How GitHub Fixed Copilot Code Review: A Tale of Tools and Workflows
Imagine this: you give an AI agent better tools, expecting it to perform better. But instead of improving, things get worse. That's exactly what happened when GitHub tried to upgrade the tools powering Copilot's code review feature. The fix? It wasn't about the tools—it was about the instructions guiding how the tools were used.
The Problem: Better Tools, Worse Results
GitHub Copilot's code review feature is designed to analyze pull requests, explore surrounding code, and identify issues before they ship. Initially, it used its own set of code exploration tools. When GitHub decided to swap in better-maintained, shared tools from the Copilot CLI (like grep, glob, and view), they expected a seamless upgrade. But the results were disappointing: the cost of reviews increased, and fewer issues were caught.

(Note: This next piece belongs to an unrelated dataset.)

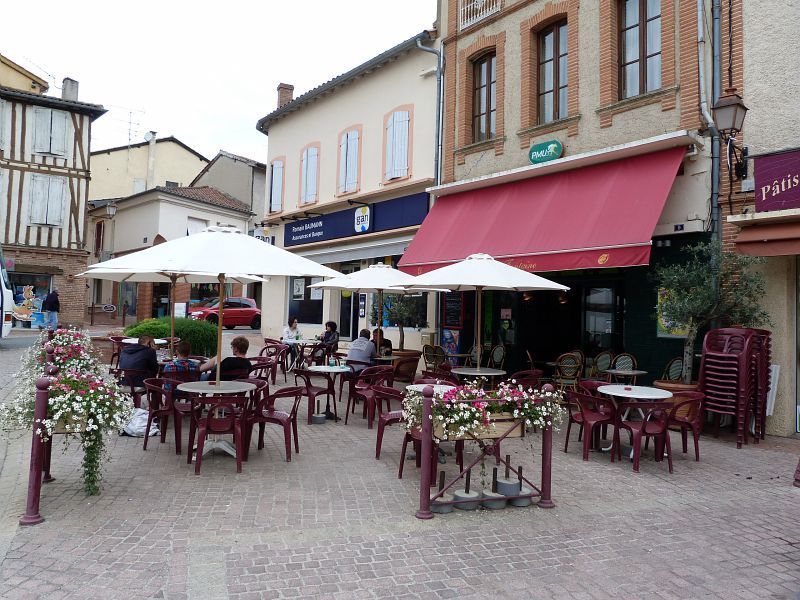 LE BAR DE LA FONTAINE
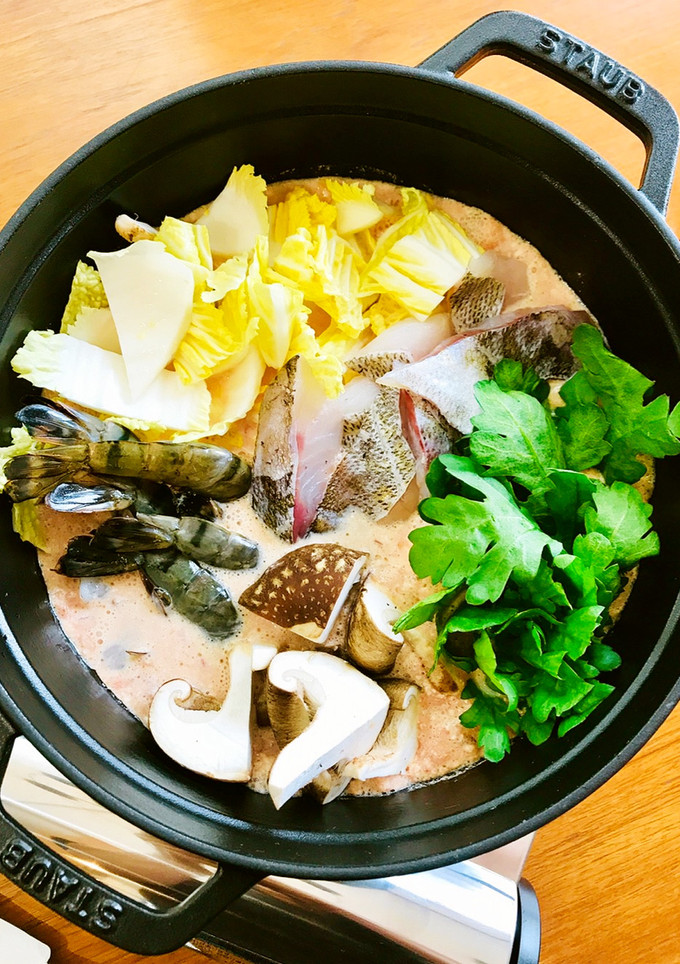 海鮮ダシがたまらん♡海鮮豆乳トマト鍋-レシピのメイン写真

The culprit? The instructions guiding the tools. The new tools were designed for broader coding tasks, not the specific workflow of code review. This mismatch led to inefficiencies, with the agent behaving like it was browsing a repository instead of focusing on the pull request.

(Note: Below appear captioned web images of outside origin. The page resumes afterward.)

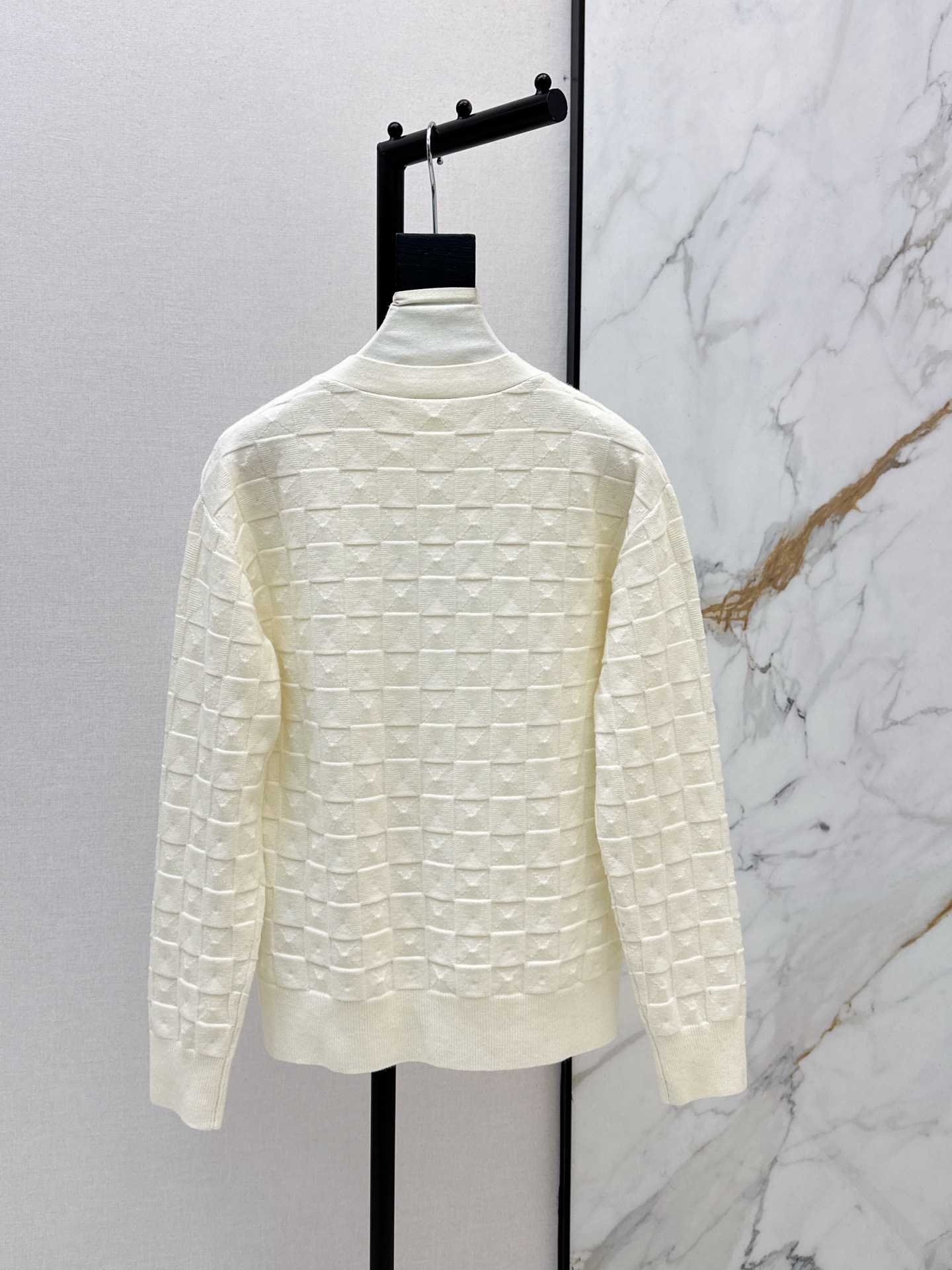 Hermès 에르메스 입체 그리드 엠보 니트 가디건 의류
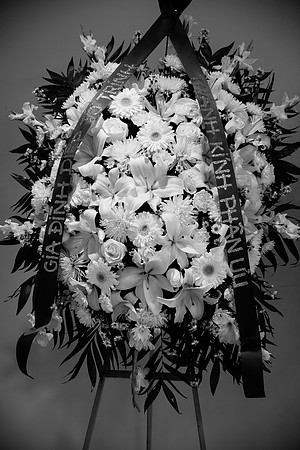 Hien's Mom Funeral-B&W (107)
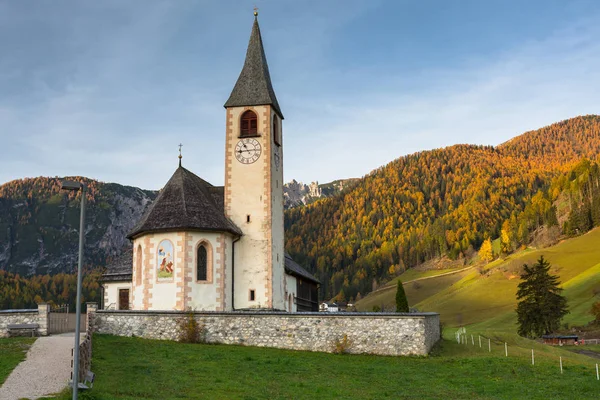 Paisaje Idílico Pequeña Iglesia Los Alpes Italia — Foto de Stock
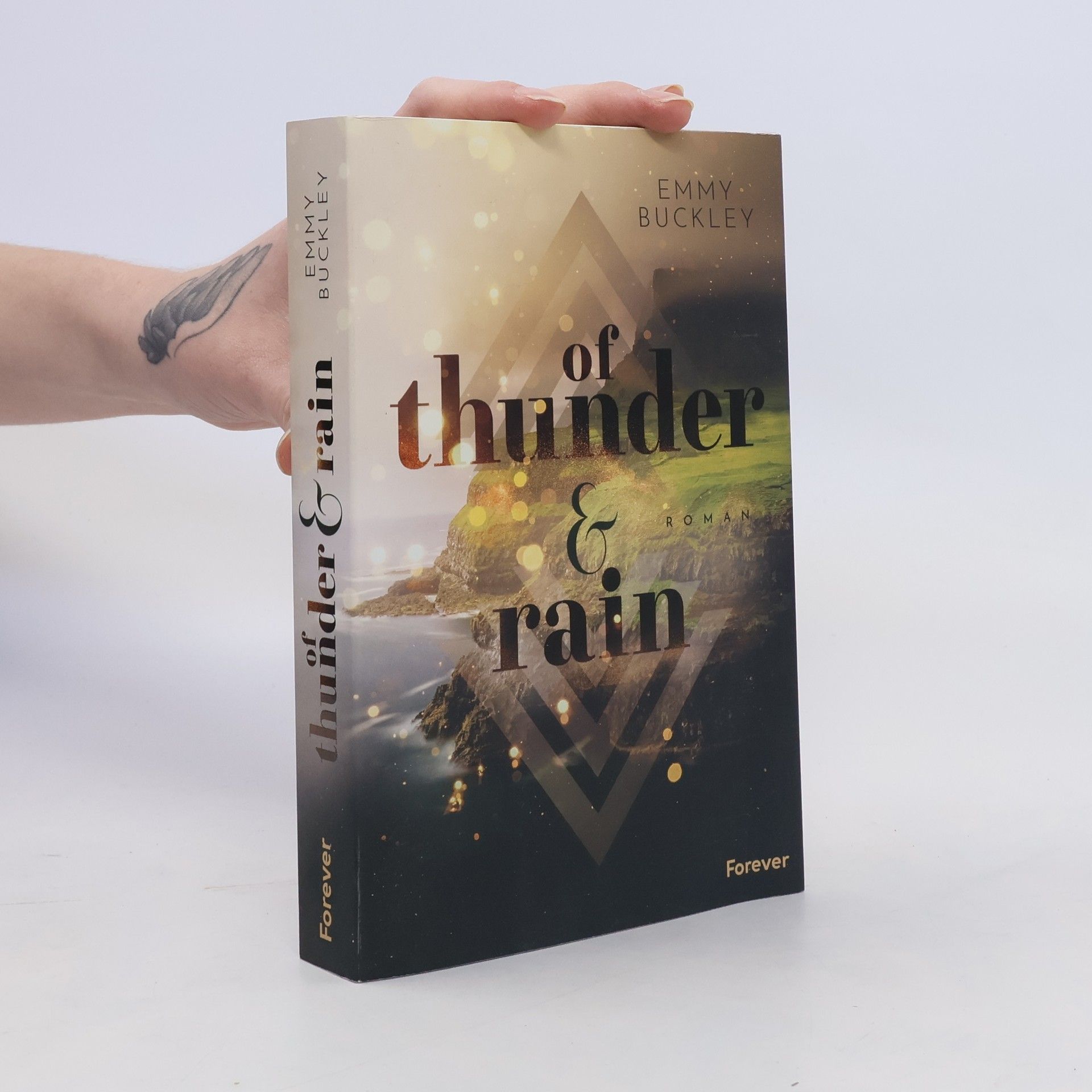 Emmy Buckley Of Thunder and Rain (Färöer-Reihe 1)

The Fix: Rewriting Instructions for a Reviewer's Workflow
To solve the problem, GitHub rewrote the tool instructions to match how a human reviewer would approach a pull request. Instead of broad exploration, the new instructions emphasized a targeted approach:
- Start from the diff: Focus on the changes in the pull request.

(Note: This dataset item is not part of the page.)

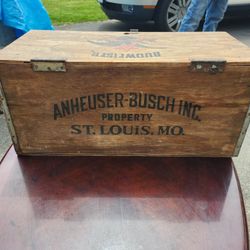 Collector Beer Trunk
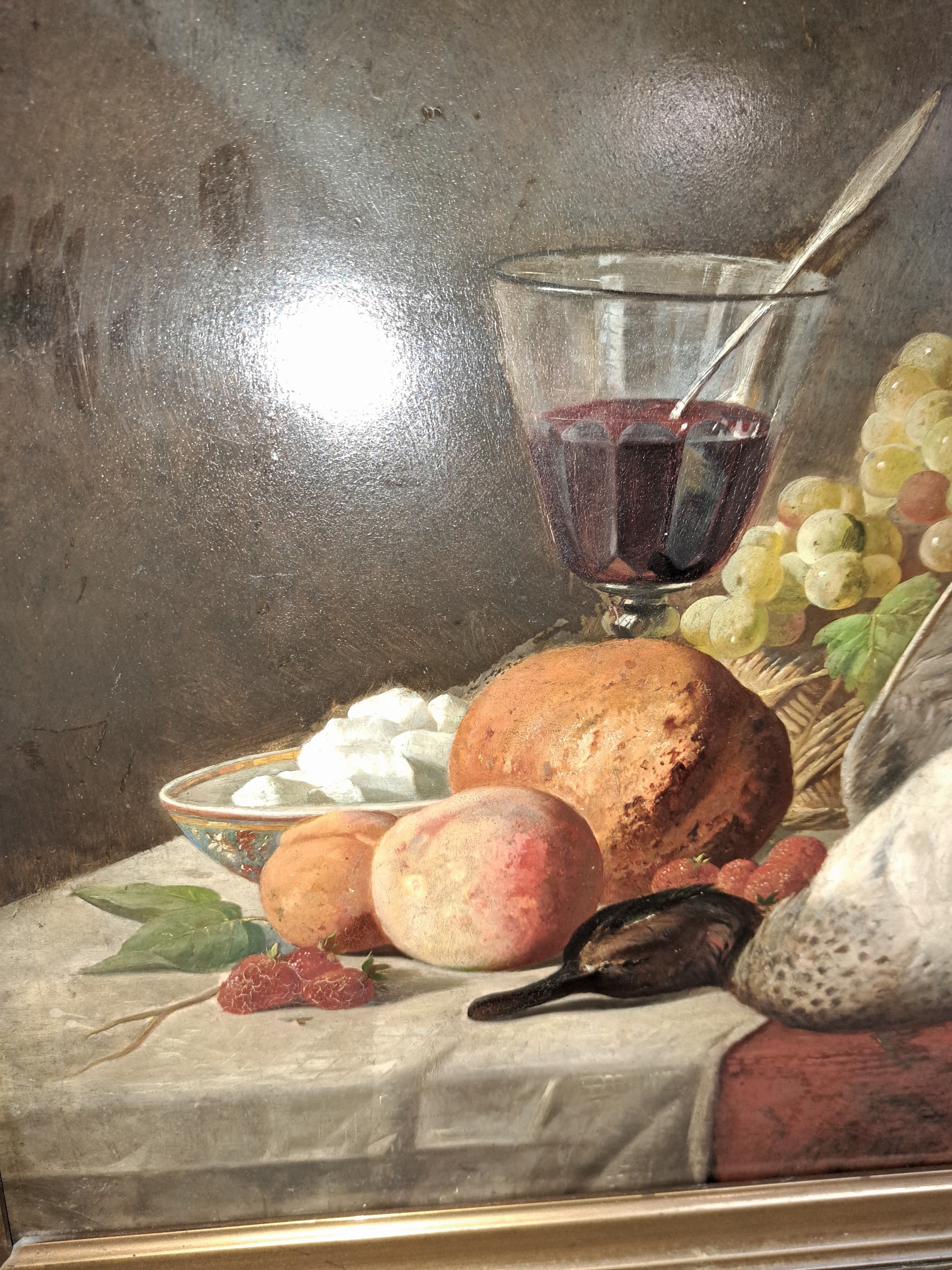 Detail b: Unbekannter Künstler, um 1910-20, Stillleben mit chinesischer Vase, Obst, Brot und Ente, Öl/Holz, unsign., ca. 45.5x55cm, R. ca. 56x67.5cm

- Ask specific questions: Narrow down the search to find relevant context.
- Batch searches before reading files: Avoid overloading the review with unrelated code.
- Read only when necessary: Use
viewto read exact evidence, not entire files.
This shift changed the agent's behavior from 'browse, read, search again' to 'ask, narrow, read, decide.' The result? A roughly 20% reduction in average review cost, with no drop in quality.
The Power of Workflows
This story underscores an important lesson: tools are only as good as the workflows that guide them. Shared tools can benefit multiple products, but only if the instructions and benchmarks align with the specific job at hand. In GitHub's case, the same tools (grep, glob, view) worked differently for code review and broader coding tasks because the workflows were tailored to each use case.
For developers building AI-powered systems, this means paying close attention to how tools are used, not just what tools are available. Small changes in instructions can lead to significant improvements in cost, quality, and efficiency.
The Takeaway
GitHub's experience with Copilot code review is a reminder that better tools don't always lead to better outcomes. The key is aligning tools with the right workflows and instructions. By doing so, GitHub not only improved Copilot's performance but also demonstrated the importance of tailoring AI systems to the tasks they're designed to solve.